Ambitne cele to jednak nie wszystko – nie da się działać wyłącznie na podstawie postawienia odpowiednich celów przez zarząd. W ich realizację muszą zaangażować się wszyscy pracownicy. Co więcej, powinni oni utożsamiać się z tymi celami. Nasze otoczenie biznesowe również musi wspólnie z nami działać. I dlatego od naszych dostawców i partnerów oczekujemy akceptacji zasad, które wyznajemy. Chcemy w większym stopniu oczekiwać od dostawców świadomości skutków klimatycznych, a co za tym idzie – ograniczenia, tych spośród ich działań, które mogą być szkodliwe dla środowiska. Wspieramy naszych partnerów w promowaniu postaw pro-klimatycznych. Technologie oferowane przez nas wspierają też przedsiębiorców w realizacji celów zrównoważonego rozwoju – odnawialne źródła energii, wzrost efektywności energetycznej czy też digitalizacja. W Siemensie wiążemy odpowiedzialność środowiskową ściśle z odpowiedzialnością społeczną, z naszą kulturą organizacyjną i technologią, którą oferujemy. Dlatego zdecydowaliśmy, że realizację zadań środowiskowych będziemy postrzegać w trochę szerszym kontekście. Nie ograniczamy się do klimatu, ale do całego zrównoważonego rozwoju.

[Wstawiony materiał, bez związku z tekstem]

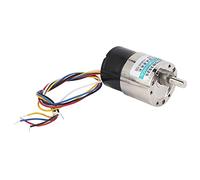 CHICIRIS Mini Motore con Motore a Bassa velocità XD-37GB3525 con Morsetto/supporto per Misurare Strumenti, Durata Silenziosa e Lunga, Adatta per Misurare la Formazione Universitaria (100 giri/min)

Jaki jest Pana zakres obowiązków jako Sustainability Officera w Siemensie, którym został Pan w październiku minionego roku? Co dla Pana oznacza to stanowisko?
Najprościej mówiąc, stanowisko powstało po to, by działania firmy – zarówno te wewnętrzne, jak i skierowane na zewnątrz w wielu kierunkach (czyli do naszych partnerów czy dostawców) – były odpowiednio zorientowane na wspólne wdrażanie wspomnianych wcześniej celów zrównoważonego rozwoju. W naszej firmie już wcześniej były powoływane osoby odpowiedzialne za tematy takie jak diversity & inclusion, bezpieczeństwo pracowników czy wolontariat. Osoba Sustainability Officera ma skupiać się na działaniach na rzecz klimatu jako na szczególnym obszarze zainteresowań, przy jednoczesnej współpracy z pozostałymi osobami zaangażowanymi w realizację celów zrównoważonego rozwoju.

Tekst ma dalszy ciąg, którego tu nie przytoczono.